Young orphans who were sent from Northern Ireland to institutions in Australia were “painted black” for the apparent entertainment of their fellow ship passengers, a victim has revealed in testimony.

“Our faces were painted black to make us look like [Indigenous Australians],” he said, as part of the on-board attractions for paying passengers on the same ship.

Northern Ireland is in the midst of a historical inquiry into widespread physical and sexual abuse of children in both state and church run homes, reported to be the largest public investigation into institutional abuse.

The most recent sessions of the inquiry have centered on 130 children who were shipped to Australia between 1946 and 1956.

The inquiry, chaired by former judge Sir Anthony Hart, heard testimony on Tuesday at Banbridge Court House in County Down from a man, now in his 70s, who in 1953 was sent to Australia from the Catholic-run Termonbacca home in Co. Derry.

The man requested to remain anonymous before giving his testimony. According to The Guardian, tears streamed down his face as he recalled the abuse he and other orphans endured during the journey to Australia, including being painted black. 

He said that as a result of the abuse he experienced in Northern Ireland and then Australia, "I had no idea how to parent my children, or even how to cuddle and love them.
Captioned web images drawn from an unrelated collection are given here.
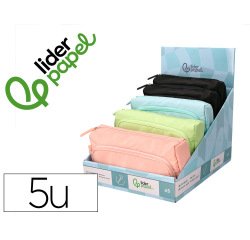 Estuche portatodo liderpapel minibag 2 cremalleras con bolsillo interior 210x100x70 mm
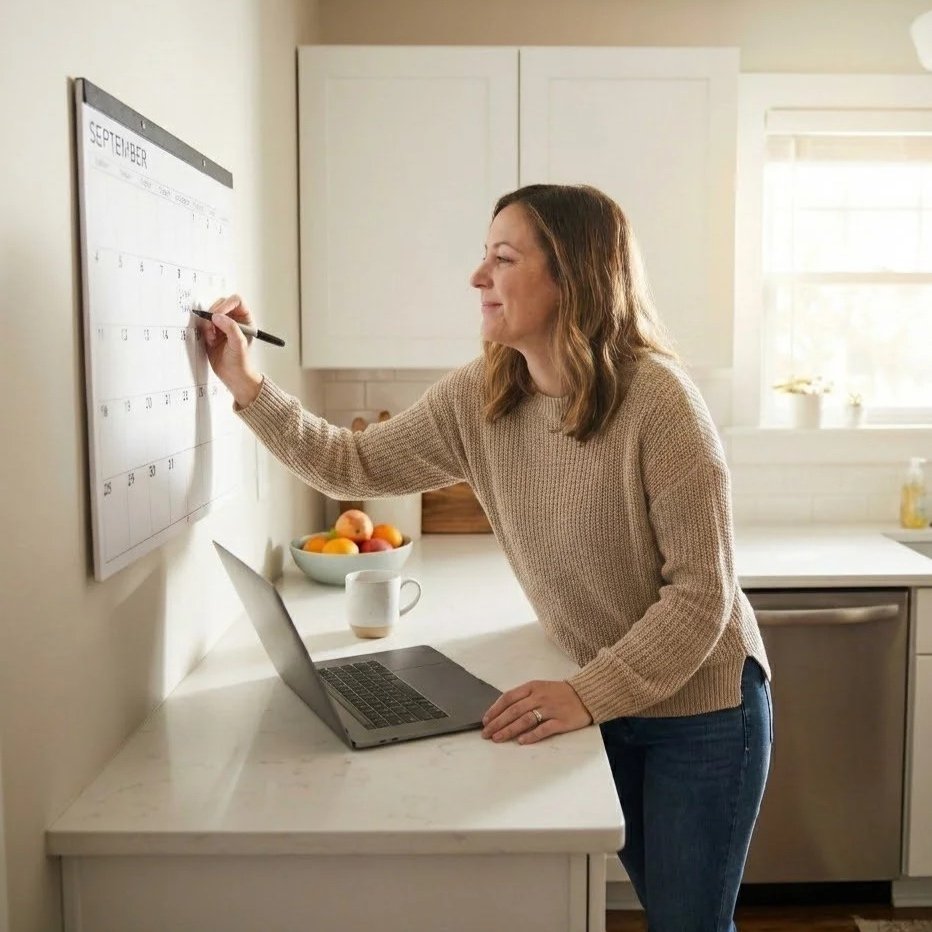 Busy, organized woman writing on a wall calendar in her kitchen with a laptop on the counter. She represents a patient who receives the Glutathione IV Drip which fights free radicals to reduce inflammation and boost metabolism.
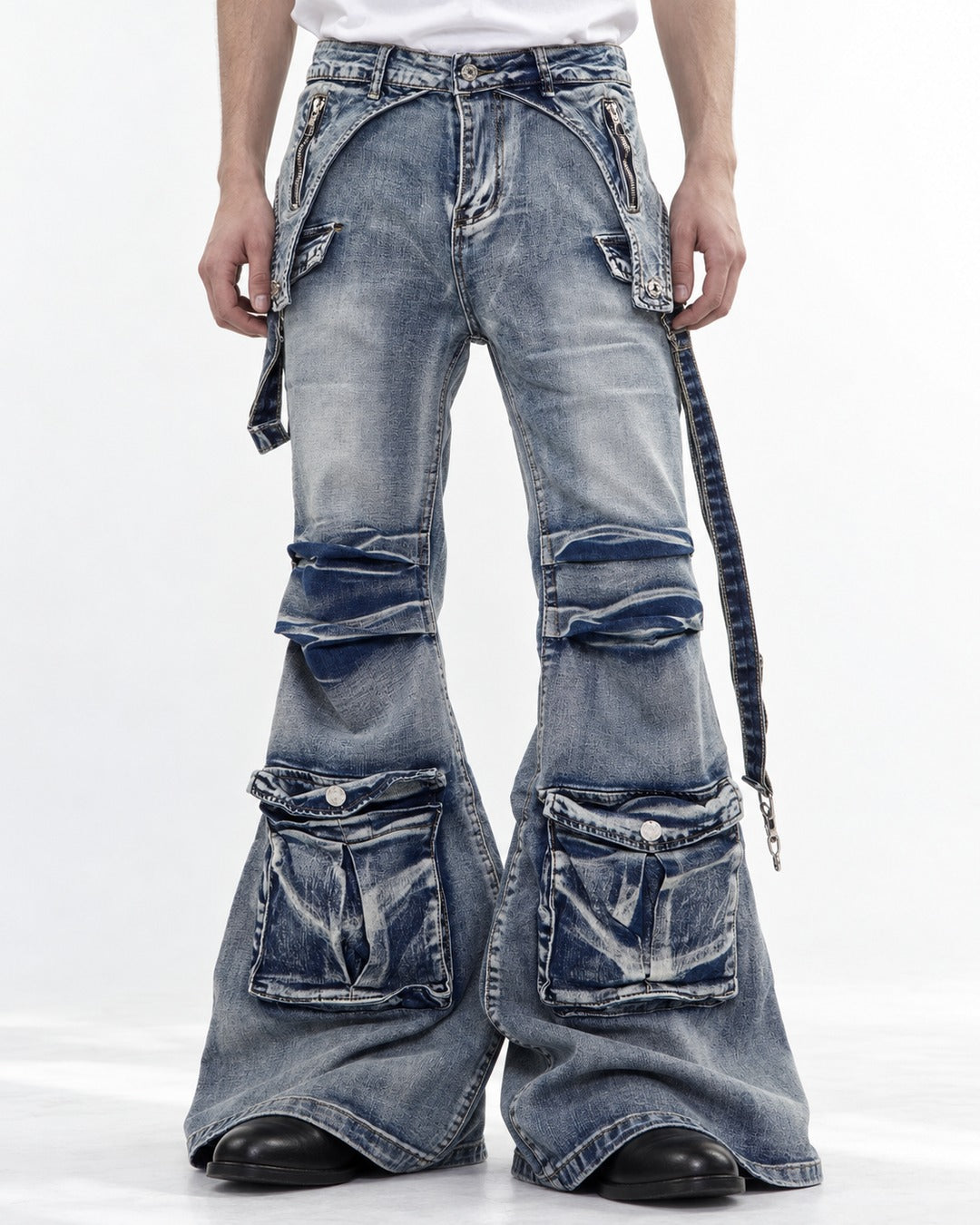 Punk Flared Denim Pants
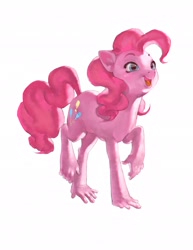 Size: 1582x2048 | Tagged: safe, artist:3102125meni, imported from derpibooru, pinkie pie, earth pony, pony, abomination, female, hand, hoof hands, mare, open mouth, open smile, simple background, smiling, solo, wat, what has science done, white background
I really don't know what love is."

Another victim, a veteran of the Australian Air Force, said that the abuse and conditions at the Bindoon home in Australia were even worse than what he experienced in Termonbacca.

"After Bindoon, Termonbacca turned out to be a holiday camp,” he said.

To date, 66 people who were shipped off to Australia during this dark decade in Northern Ireland’s history have given evidence and testimony.

The end-point remains uncertain, as the Northern Irish inquiry has no legal authority in Australia, but Hart has said that all evidence will be brought to the attention of a similar inquiry currently taking place in Australia.